Reklama

Nie żyje Kryspin Garski. Wielki pasjonat i popularyzator biegania

08/08/2022 15:20

Nie żyje Kryspin Garski. Wielki pasjonat i popularyzator biegania. Człowiek życzliwy i serdeczny. Miał 46 lat.

W życiu Kryspina sport obecny był od najmłodszych lat. Najpierw piłka nożna, potem całkowicie zawładnęło nim bieganie. Jego debiut w zawodach przypadł na Grand Prix Bytowa, w którym od razu pobiegł na 10 km. „Debiut bez żadnych rewelacji, ale dla mnie ogromna radość i satysfakcja. A co najważniejsze, bardzo mi się spodobało. Można by zapytać, co konkretnie się spodobało? Przecież nie wygrałem, nie pobiłem rekordu biegu, ani nic innego co mogłoby powalić na kolana. Ale dla mnie sam start, pokonywanie dystansu z tyłu za najlepszymi bez spoglądania na zegarek, na czas, jaki osiągnąłem, były dla mnie ogromnym przeżyciem” - wspominał. Niedługo potem jako 15-latek z powodzeniem wystartował w Maratonie Warszawskim. W ciągu 30 lat Kryspin ukończył ponad 600 biegów. Lubił rodzinne wyjazdy, w których bieganie można było połączyć ze zwiedzaniem okolicy. Radość sprawiał mu jednak nie tylko udział w zawodach, ale także każde inne bieganie: w pielgrzymkach na Jasną Górę, po Smolarni, na ścieżce zdrowia, czy po nasypie kolejowym. Niekiedy trasy pokonywał sam, innym razem w większym gronie. Od lat wraz z żoną Asią mówili o sobie, że „zarażają bieganiem”. Cieszył się, gdy kogoś namówił do biegania, czy jakiejkolwiek innej aktywności ruchowej. Równie dobrze mogła być to jazda rowerem, marsz nordic walking. Kochał ludzi i wszyscy byli dla niego równie ważni: ci młodzi i ci, starsi. Dla każdego miał dobre słowo, uśmiech, służył radą i pomocą, cieszył się z sukcesów innych. Jednak i on - tak jak każdy - dźwigał swoje życiowe ciężary. Niewielu wiedziało, że cierpiał na przewlekłą chorobę, która od czasu do czasu boleśnie dawała o sobie znać i utrudniała mu normalne funkcjonowanie. Nie lubił jednak o tym mówić.
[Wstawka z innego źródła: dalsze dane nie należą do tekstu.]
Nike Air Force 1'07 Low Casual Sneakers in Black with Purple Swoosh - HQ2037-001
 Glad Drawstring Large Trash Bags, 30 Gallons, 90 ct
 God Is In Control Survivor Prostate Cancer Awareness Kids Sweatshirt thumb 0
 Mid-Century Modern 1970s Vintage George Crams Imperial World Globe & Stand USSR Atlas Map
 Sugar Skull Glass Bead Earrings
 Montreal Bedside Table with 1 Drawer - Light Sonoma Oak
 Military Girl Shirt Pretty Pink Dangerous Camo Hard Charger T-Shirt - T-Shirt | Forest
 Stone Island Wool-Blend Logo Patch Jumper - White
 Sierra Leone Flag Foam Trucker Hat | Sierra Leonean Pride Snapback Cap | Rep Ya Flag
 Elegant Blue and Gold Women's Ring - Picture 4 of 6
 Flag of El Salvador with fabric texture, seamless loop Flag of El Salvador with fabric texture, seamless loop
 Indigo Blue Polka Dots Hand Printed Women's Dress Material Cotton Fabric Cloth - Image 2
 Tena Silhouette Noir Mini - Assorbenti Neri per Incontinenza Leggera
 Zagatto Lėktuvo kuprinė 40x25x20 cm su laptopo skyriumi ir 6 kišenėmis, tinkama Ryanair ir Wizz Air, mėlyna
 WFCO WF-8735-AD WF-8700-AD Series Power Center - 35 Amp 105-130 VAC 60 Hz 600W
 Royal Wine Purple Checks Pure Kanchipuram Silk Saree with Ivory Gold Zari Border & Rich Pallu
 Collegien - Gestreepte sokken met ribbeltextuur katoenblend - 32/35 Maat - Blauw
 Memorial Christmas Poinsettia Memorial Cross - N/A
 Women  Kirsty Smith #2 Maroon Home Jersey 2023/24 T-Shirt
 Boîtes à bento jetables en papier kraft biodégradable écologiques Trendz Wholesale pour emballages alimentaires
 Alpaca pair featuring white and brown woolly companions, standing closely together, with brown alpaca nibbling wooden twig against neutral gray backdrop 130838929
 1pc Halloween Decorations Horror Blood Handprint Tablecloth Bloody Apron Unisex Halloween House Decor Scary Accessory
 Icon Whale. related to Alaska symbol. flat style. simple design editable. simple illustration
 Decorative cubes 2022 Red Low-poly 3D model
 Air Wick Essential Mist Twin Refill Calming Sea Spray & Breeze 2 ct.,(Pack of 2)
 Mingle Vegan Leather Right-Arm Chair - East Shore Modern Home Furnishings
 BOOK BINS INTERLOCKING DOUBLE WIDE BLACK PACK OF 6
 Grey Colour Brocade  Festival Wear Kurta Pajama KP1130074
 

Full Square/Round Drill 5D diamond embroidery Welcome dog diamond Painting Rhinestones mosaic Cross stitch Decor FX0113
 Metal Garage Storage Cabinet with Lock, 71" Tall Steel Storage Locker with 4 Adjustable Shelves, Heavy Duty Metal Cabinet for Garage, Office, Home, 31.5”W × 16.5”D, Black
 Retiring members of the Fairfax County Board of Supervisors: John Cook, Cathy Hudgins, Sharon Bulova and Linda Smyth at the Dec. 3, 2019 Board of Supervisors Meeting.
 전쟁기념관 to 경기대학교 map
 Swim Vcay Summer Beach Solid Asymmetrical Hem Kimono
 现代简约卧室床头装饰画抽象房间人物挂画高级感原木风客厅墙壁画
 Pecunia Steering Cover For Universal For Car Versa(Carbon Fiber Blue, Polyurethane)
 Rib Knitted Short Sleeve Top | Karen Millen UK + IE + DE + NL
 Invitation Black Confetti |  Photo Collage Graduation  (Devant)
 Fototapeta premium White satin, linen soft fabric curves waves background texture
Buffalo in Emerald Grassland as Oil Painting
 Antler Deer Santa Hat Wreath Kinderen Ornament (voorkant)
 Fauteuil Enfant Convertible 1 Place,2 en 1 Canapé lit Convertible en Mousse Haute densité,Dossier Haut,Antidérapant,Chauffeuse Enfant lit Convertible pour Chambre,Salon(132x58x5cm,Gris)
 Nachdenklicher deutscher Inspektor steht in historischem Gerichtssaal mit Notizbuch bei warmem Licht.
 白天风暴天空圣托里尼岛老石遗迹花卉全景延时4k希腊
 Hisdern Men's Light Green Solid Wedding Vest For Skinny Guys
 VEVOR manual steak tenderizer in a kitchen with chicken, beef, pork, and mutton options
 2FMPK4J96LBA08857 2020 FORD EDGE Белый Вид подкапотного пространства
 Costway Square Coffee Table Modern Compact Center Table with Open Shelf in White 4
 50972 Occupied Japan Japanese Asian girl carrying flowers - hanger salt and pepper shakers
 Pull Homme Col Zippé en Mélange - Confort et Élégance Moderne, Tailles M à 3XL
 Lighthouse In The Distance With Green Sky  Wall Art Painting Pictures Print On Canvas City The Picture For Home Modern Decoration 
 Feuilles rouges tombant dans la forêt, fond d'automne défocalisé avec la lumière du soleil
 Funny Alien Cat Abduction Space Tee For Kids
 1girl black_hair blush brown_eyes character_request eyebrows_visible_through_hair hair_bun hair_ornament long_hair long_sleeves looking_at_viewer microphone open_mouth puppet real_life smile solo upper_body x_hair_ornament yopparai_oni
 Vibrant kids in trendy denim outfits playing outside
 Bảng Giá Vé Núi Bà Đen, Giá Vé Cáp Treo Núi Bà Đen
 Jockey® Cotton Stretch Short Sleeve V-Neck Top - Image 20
Zmarł 27.07. Na miejsce wiecznego spoczynku na cmentarzu przy ul. Popiełuszki w Bytowie odprowadziły go tłumy przyjaciół i znajomych. Najbardziej widoczny znak, jak bardzo był lubiany, szanowany i jak wielu zasmuciła jego przedwczesna śmierć. Z miejsca, gdzie spoczął, będzie mógł z satysfakcją spoglądać na ul. Wrzosową, którą jego koledzy biegacze przemierzają truchcikiem podczas zainicjowanych przez niego „środowych bieganek”.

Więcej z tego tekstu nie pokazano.